* [TASK DESCRIPTION]:
Only the lines from the beginning of the data through the line holding "Beginning Sounds: P–T (Free Printable PDF)" belong in the answer, printed exactly and without pictures.
== == ==
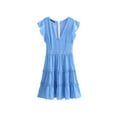 thumbnail image 3 of Seyurigaoka Women Sexy V-neck Short Dress Printing Short Sleeve Flounce Skirt, 3 of 9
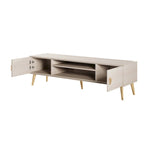 Meuble TV de style moderne du milieu du siècle de 180 cm avec portes à fermeture amortie et rangement dissimulé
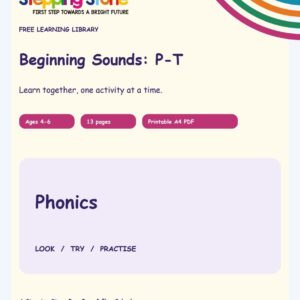 Beginning Sounds: P–T (Free Printable PDF)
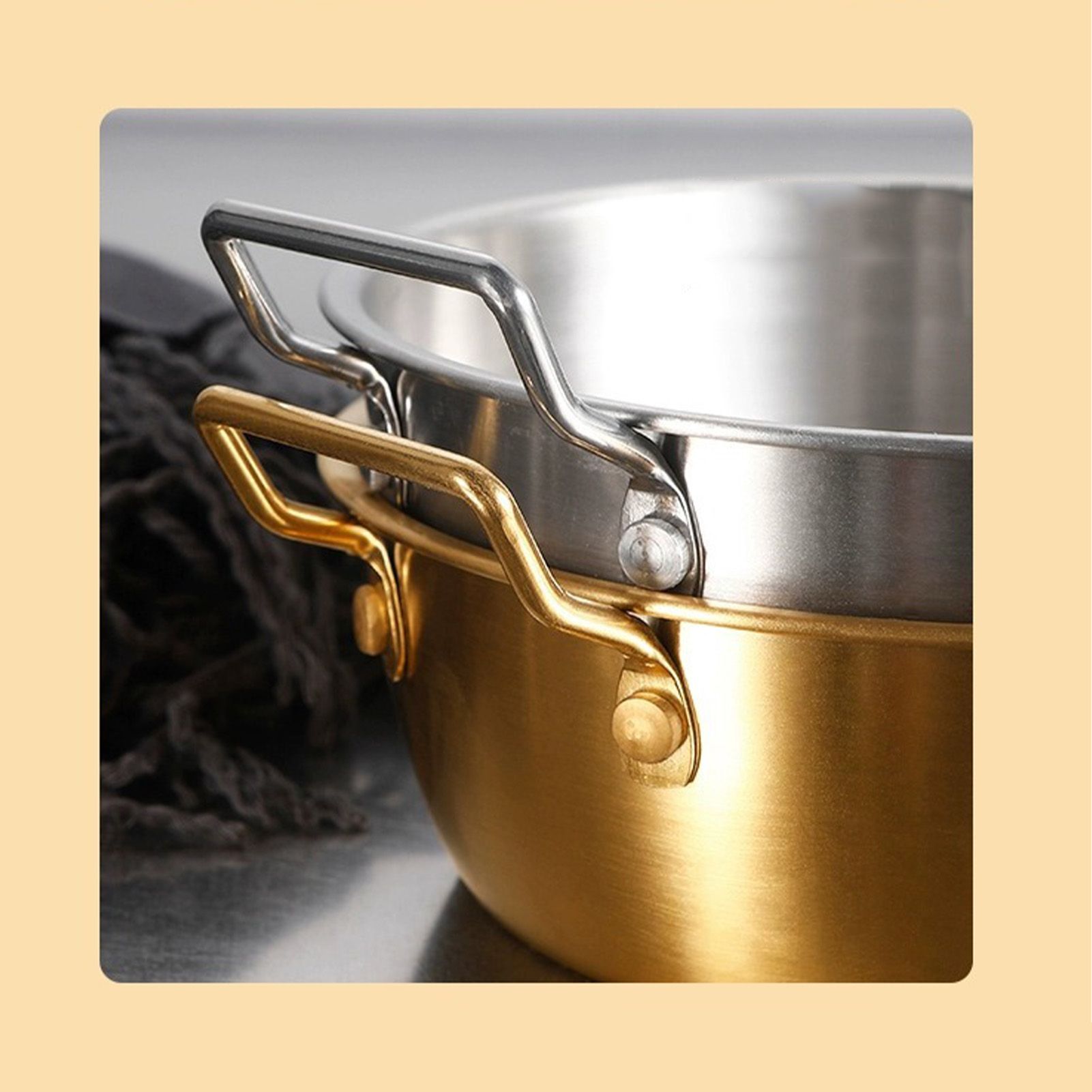 Double Ear Snack Bowl Multifunctional 304 Stainless Steel Noodle Bowl for Home Restaurant - Image 7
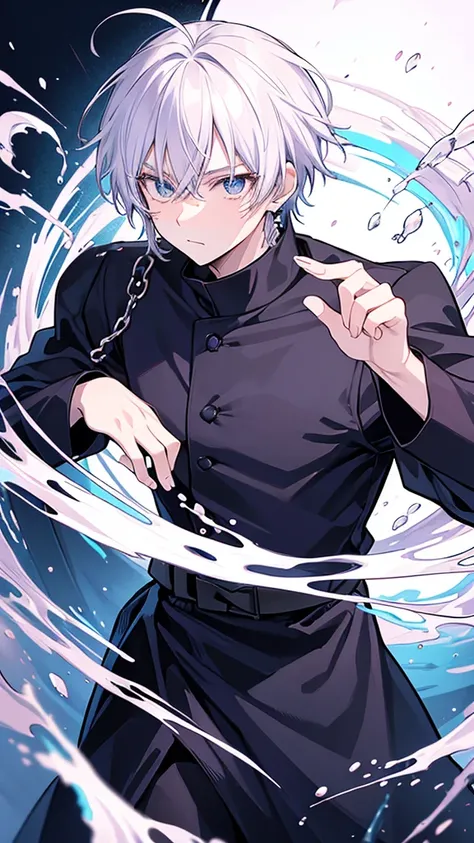 create a black Jujutsu no kaisen manga style image with a young male character extremely similar to Gaku from the Sakamoto Days manga, ele tem cabelo curto fe cor ciano claro e um capuz azul escuro quase preto, e olhos pretos, He wears red earrings and he ...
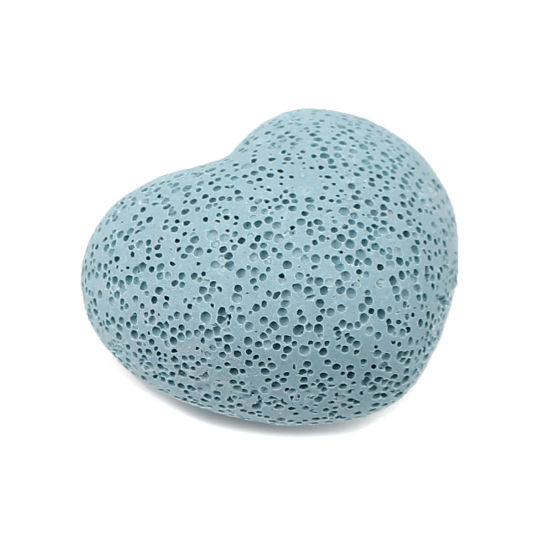 Lava Rock Felt Oil Diffuser Pads Heart Light Blue 43mm x 37mm, 1 Piece の画像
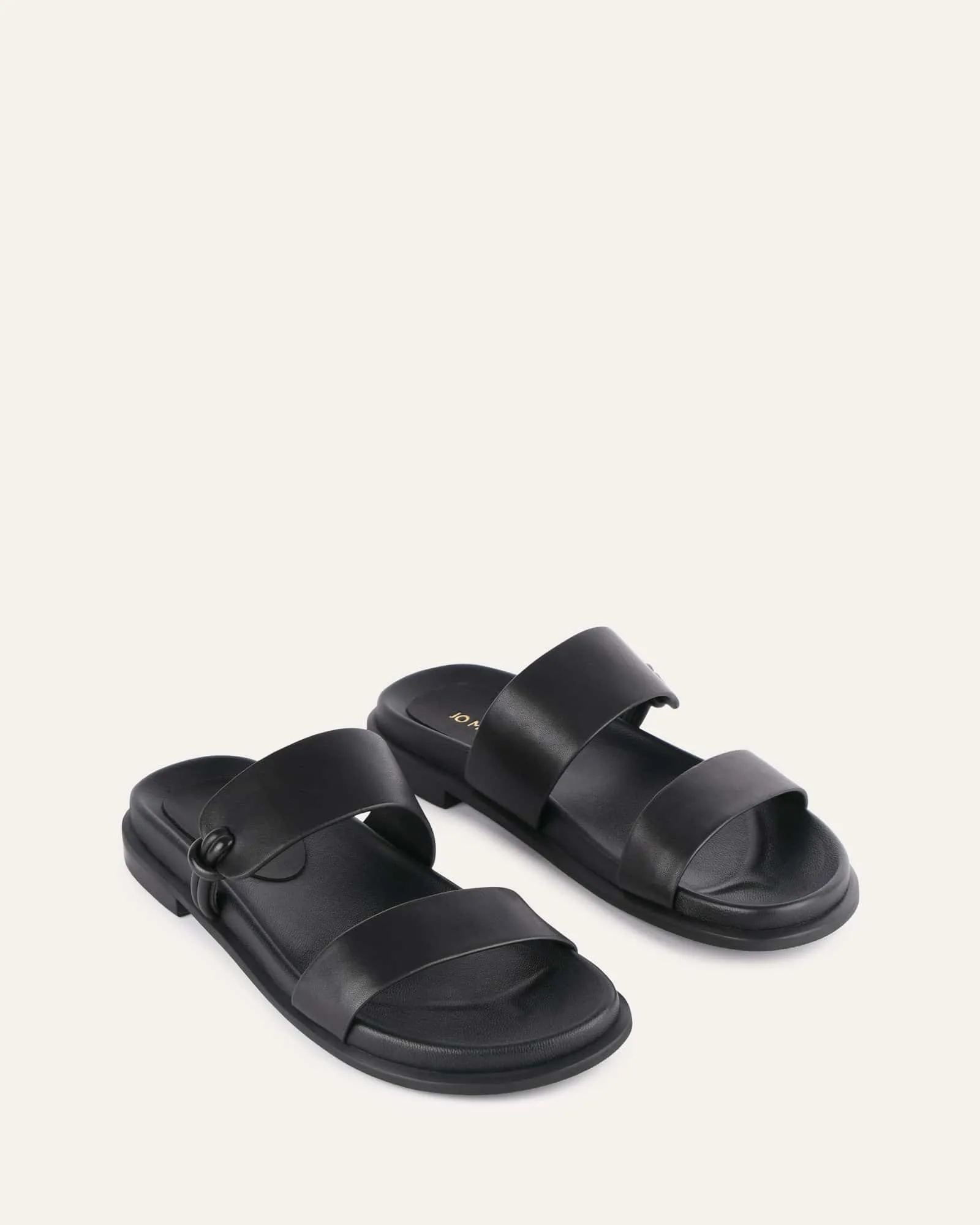 HAYES FLAT SANDALS BLACK LEATHER Jo Mercer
== == ==
* [SOLUTION FOR THIS PROBLEM]:
 thumbnail image 3 of Seyurigaoka Women Sexy V-neck Short Dress Printing Short Sleeve Flounce Skirt, 3 of 9
 Meuble TV de style moderne du milieu du siècle de 180 cm avec portes à fermeture amortie et rangement dissimulé
 Beginning Sounds: P–T (Free Printable PDF)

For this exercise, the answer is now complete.